Expected Practical Skills

  • Set up a multi-model gateway. Configure LiteLLM to proxy requests across Claude, GPT-4o, and an open-source model. Define fallback chains. Set up rate limiting. Track per-model cost and latency. This should take <1 hour.
  • Implement task-based routing. Build a classifier (can be as simple as keyword matching, or an LLM call) that categorizes incoming requests and routes to the appropriate model. Measure cost savings vs. single-model baseline.
  • Design a fallback chain. Configure primary → secondary → tertiary provider routing with health checks, timeout thresholds, and circuit breakers. Test failover by simulating provider outages.
  • Implement semantic caching. Set up GPTCache or Portkey’s cache to cache similar queries. Measure cache hit rate and cost savings. Tune similarity threshold (too low = stale responses, too high = no cache hits).
  • Build a cost dashboard. Track per-model, per-feature, per-user cost. Identify which features/users drive the most LLM spend. Use LiteLLM’s built-in cost tracking or LangFuse.

Interview-Ready Explanations

  • “Walk me through how you’d design a multi-model architecture for a production application.” Start with task analysis: what types of requests does the system handle? Classify by complexity (simple extraction, moderate generation, complex reasoning). Map each category to the cheapest model that meets quality requirements — test this empirically with eval suites (Skill 9). Set up LiteLLM as the gateway. Configure fallback chains for each provider. Add semantic caching for repeated patterns. Monitor with per-model quality tracking (Skill 11). Budget-aware routing: when monthly spend hits 80% of budget, shift more traffic to cheaper models.

  • “How do you decide which model to use for a given task?” Empirical, not theoretical. Build an eval dataset for each task type (50+ examples). Run each candidate model. Score on quality, latency, and cost. Pick the cheapest model that clears the quality threshold. The threshold varies by task: customer-facing output needs higher quality than internal analytics. Re-evaluate monthly because model capabilities and pricing change constantly.

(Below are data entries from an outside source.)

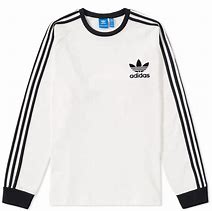 Image result for Adidas Spezial Black Jacket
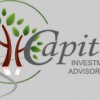 Capital Investment Advisors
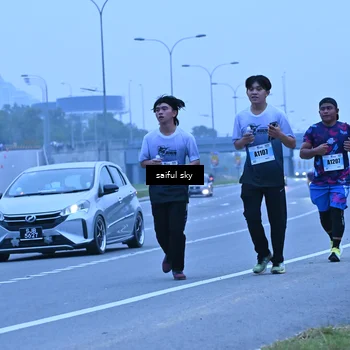 Runner Photo 7198259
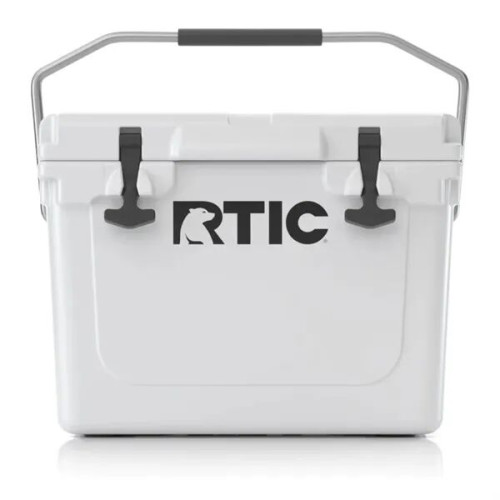 RTIC® 20 QT Ultra Tough Hard Cooler Ice Chest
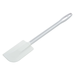 FSE 16" White Spatula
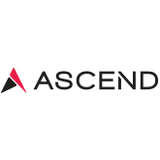 Ascend Clinical Logo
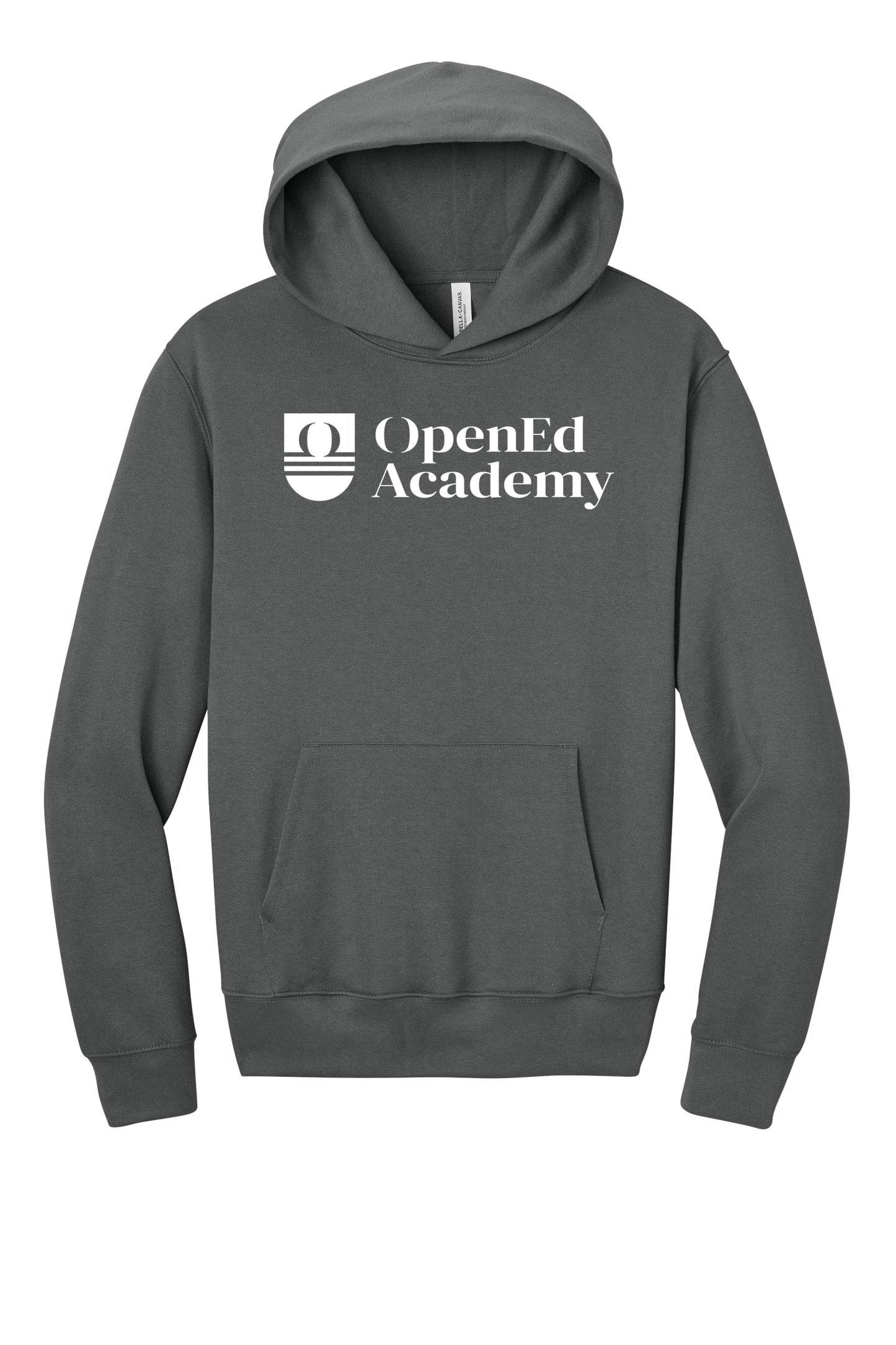 OpenEd Academy Hoodie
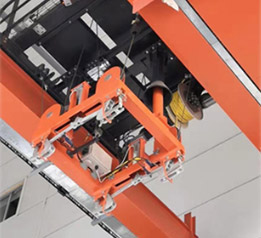 HIWINֱ��(xi��n)��(d��o)܉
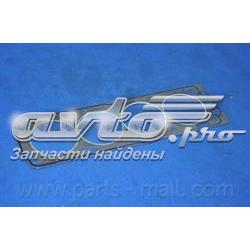 Прокладка ГБЦ 90215026 General Motors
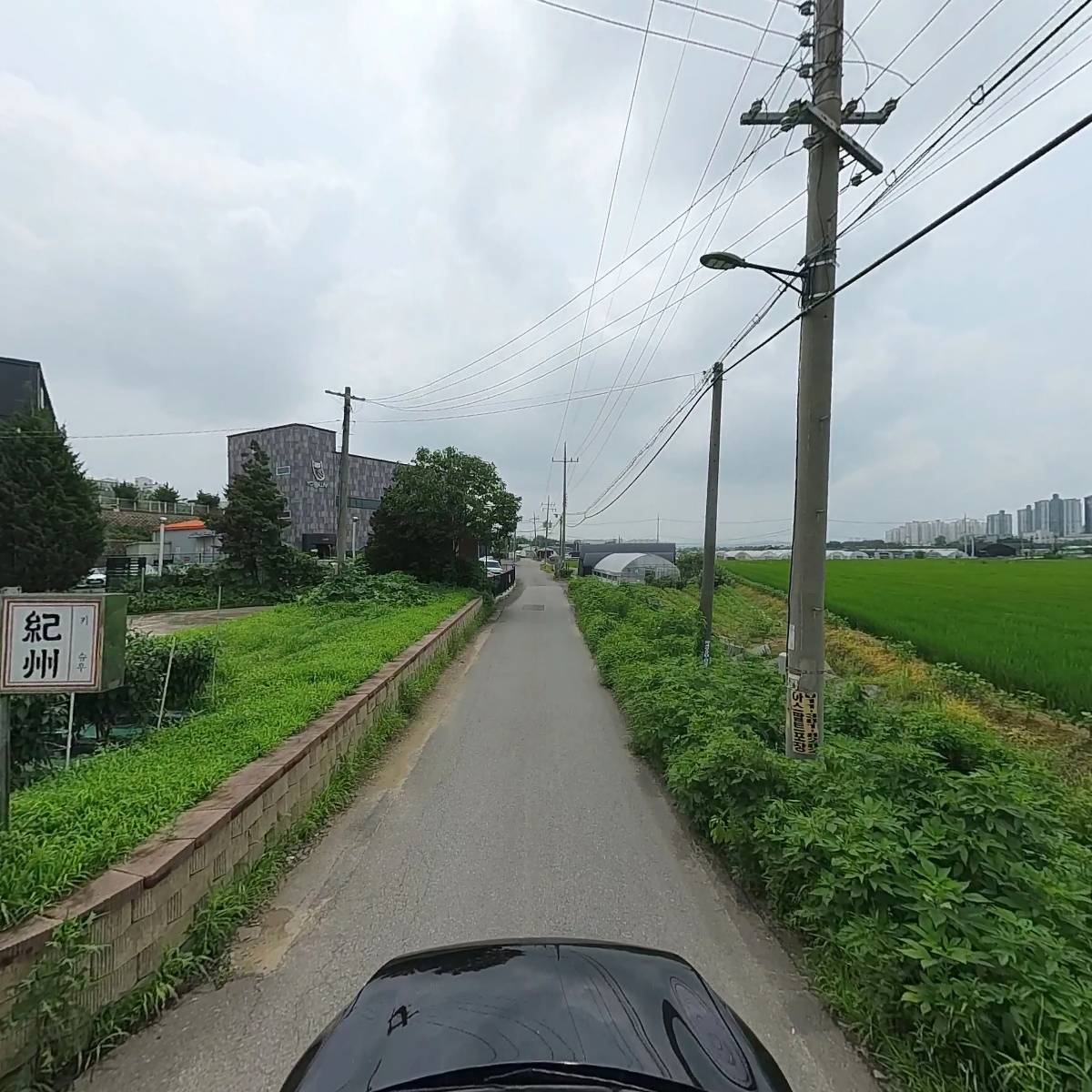 태성물산(주)_4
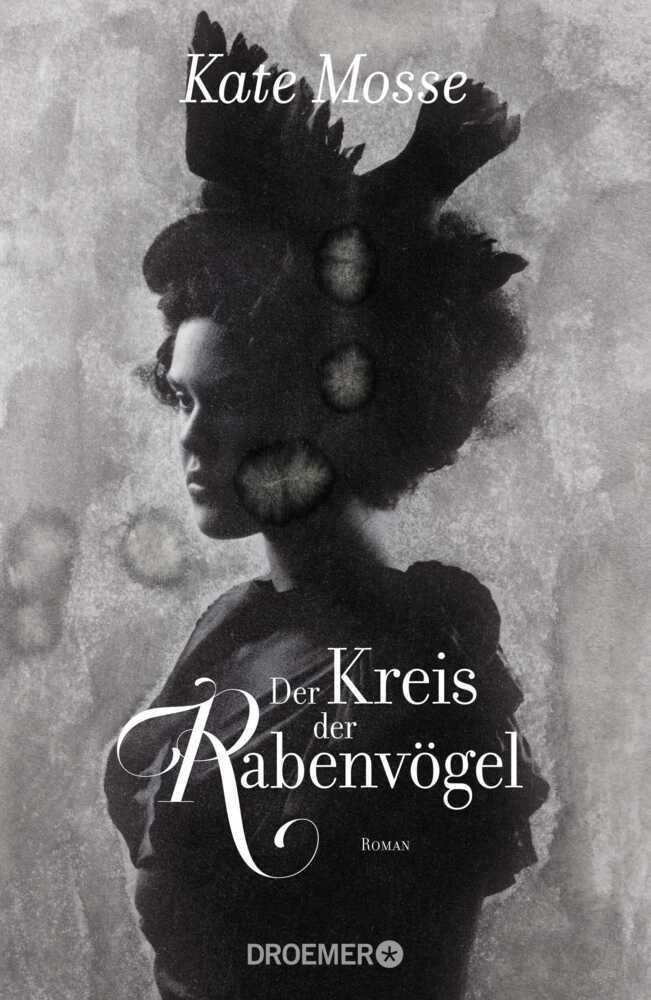 Cover: 9783426281468 | Der Kreis der Rabenvögel | Roman | Kate Mosse | Buch | 400 S. | 2017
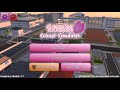 Update Imaginary: 1.11 【SAKURA School Simulator】/ 櫻花校園模擬器 幻想更新: 1.11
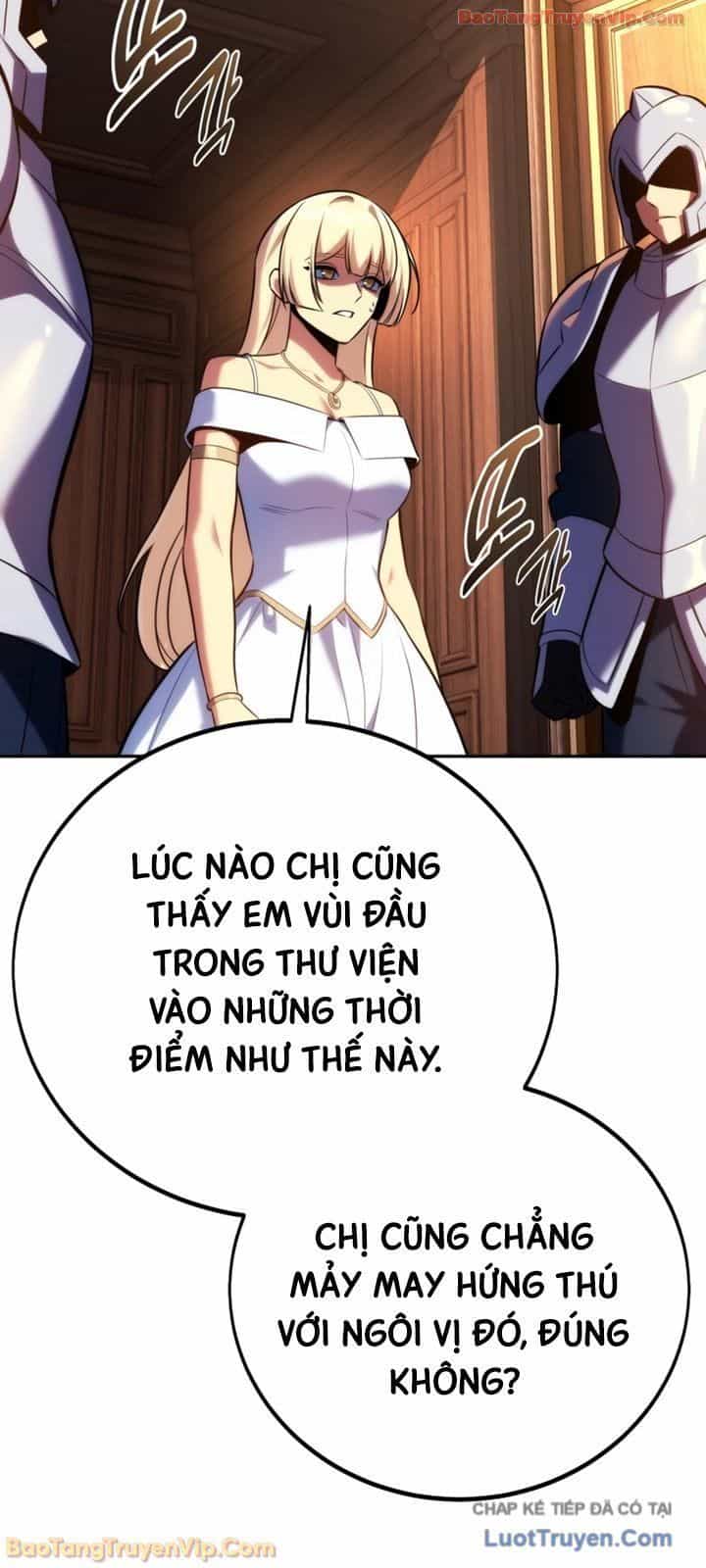 Hướng Dẫn Sinh Tồn Trong Học Viện - Chương 94 - ảnh 18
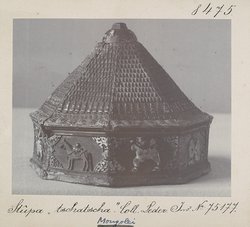 Stupa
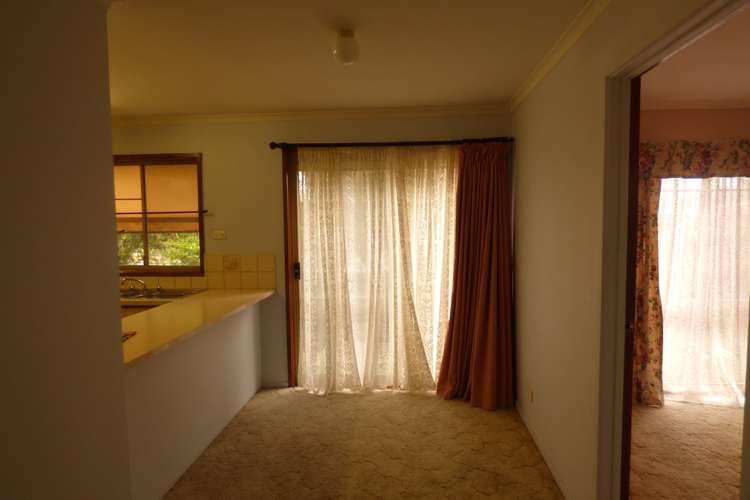 Third view of Homely unit listing, Unit 4/13 Saxtons Dr, Moe VIC 3825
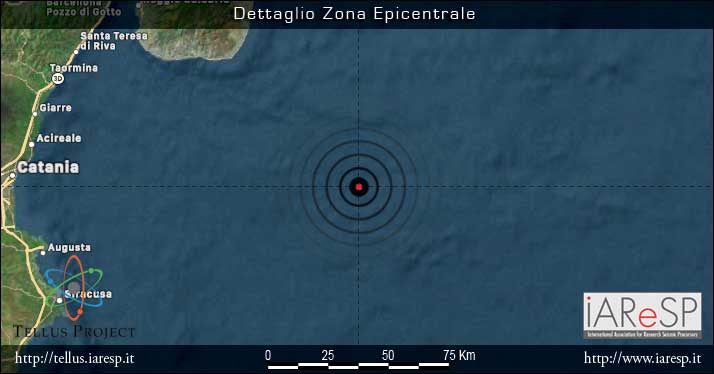 Terremoto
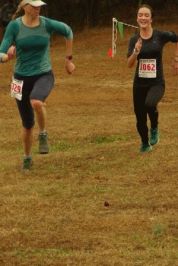 IMGP9352 (428x640).jpg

  • “What happens when your primary model provider goes down?” Layered defense: (1) Circuit breaker detects failures (3 errors in 30 seconds → trip). (2) Traffic routes to secondary provider (different model family — if Claude is down, route to GPT-4o, not another Claude endpoint). (3) If secondary also fails, degrade gracefully (cached responses, simplified outputs, or queue for later processing). (4) Alert the team. (5) Health checks ping the primary every 30s; auto-recover when it’s back. Key design principle: fallback providers should be from different companies to avoid correlated outages.